WHAT TO PRODUCE:
From the listing below, copy only the lines from the line that contains "Gyujnb Women Summer" to the line that contains "ABEL & LULA", counting those two lines as part of the copy.

───── RAW DATA ─────

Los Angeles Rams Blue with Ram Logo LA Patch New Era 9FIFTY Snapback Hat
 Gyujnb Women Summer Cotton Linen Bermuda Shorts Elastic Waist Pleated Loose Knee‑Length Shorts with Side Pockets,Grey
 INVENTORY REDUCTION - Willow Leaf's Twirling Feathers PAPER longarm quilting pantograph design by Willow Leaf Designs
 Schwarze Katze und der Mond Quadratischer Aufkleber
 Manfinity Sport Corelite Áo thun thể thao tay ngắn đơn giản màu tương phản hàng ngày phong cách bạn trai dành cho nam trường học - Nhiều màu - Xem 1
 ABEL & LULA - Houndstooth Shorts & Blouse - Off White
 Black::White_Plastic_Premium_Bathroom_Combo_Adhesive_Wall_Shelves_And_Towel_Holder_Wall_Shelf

─────

EXERCISE RESULT:
 Gyujnb Women Summer Cotton Linen Bermuda Shorts Elastic Waist Pleated Loose Knee‑Length Shorts with Side Pockets,Grey
 INVENTORY REDUCTION - Willow Leaf's Twirling Feathers PAPER longarm quilting pantograph design by Willow Leaf Designs
 Schwarze Katze und der Mond Quadratischer Aufkleber
 Manfinity Sport Corelite Áo thun thể thao tay ngắn đơn giản màu tương phản hàng ngày phong cách bạn trai dành cho nam trường học - Nhiều màu - Xem 1
 ABEL & LULA - Houndstooth Shorts & Blouse - Off White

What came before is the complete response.